Does Your Smartphone Come Contaminated With Malware Out of the Box?

The report from security company G DATA has to frighten you: the company claimed it has found malware pre-installed on new smartphones.  Some 24 phones were found to be contaminated or were strongly suspected of infection. Included were phones from Xiaomi, Huawei, and Lenovo.

What that means is a user could have practiced absolutely safe mobile phone ownership. Indeed, maybe the user never added a single app to the phone. But still the device packs a toxic payload, out of the box.

The payload is nasty.
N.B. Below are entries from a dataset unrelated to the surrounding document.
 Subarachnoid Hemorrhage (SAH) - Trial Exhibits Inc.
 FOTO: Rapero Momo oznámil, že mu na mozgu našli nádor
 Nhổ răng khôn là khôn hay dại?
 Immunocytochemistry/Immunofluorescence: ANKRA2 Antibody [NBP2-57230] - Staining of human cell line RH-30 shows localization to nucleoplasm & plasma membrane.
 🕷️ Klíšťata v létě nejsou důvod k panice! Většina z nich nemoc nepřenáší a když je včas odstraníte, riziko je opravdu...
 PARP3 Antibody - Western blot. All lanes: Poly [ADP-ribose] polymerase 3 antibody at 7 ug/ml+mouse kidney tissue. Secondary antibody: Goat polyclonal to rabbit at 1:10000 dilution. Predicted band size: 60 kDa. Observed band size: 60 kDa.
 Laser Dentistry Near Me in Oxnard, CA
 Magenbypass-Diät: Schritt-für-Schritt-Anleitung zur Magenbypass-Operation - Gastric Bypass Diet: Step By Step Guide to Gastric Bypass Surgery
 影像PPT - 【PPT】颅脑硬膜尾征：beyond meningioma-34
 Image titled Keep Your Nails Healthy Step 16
According to G DATA, “The secret add-on functions are wide-ranging….The app can access the Internet, read and send SMS, subsequently install apps, see, store and amend call data and data about the smartphone, access the contact list, obtain location data and monitor app updates. These permissions enable extensive misuse: location detection, listening to and recording telephone calls or conversations, making purchases, bank fraud or sending premium SMS. The possibilities are almost endless.”

Read that again.  What G DATA is saying is that whoever the control is – and control is not identified in this report – owns that user.  The user’s money can be stolen. His contacts harassed. His privacy shredded.
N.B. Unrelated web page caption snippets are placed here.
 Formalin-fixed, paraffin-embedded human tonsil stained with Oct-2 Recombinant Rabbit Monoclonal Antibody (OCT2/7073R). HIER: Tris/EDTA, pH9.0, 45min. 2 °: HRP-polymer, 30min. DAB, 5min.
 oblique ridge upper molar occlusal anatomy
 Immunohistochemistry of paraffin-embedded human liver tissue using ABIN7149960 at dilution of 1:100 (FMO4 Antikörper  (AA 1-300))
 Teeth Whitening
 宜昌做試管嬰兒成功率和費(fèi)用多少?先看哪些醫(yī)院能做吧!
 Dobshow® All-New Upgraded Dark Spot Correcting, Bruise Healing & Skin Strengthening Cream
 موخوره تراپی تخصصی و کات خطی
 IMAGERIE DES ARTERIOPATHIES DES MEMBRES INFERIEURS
This really is a worst case scenario and – again – what’s cruelest is that the user essentially had no possible defense against it. Just buying the phone – new, in the box – was mistake enough.

“It happens somewhere in the supply chain,” said Andy Hayter, security evangelist for G DATA.  “There’s not a lot of security in that supply chain.”

In every case the phones were made by Chinese manufacturers, none of which is widely distributed outside Asia. But that is slim comfort because of course the iPhone is made in China. So are many Samsung Galaxy S6s.

G DATA loudly stressed that it does not believe the manufacturer whose name is on the phone has anything to do with loading the device with bad software.  The report noted: “The G DATA security experts are certain that the manufacturers are not the perpetrators in the majority of cases. Renowned companies will not risk their reputation by distributing malware in the firmware.”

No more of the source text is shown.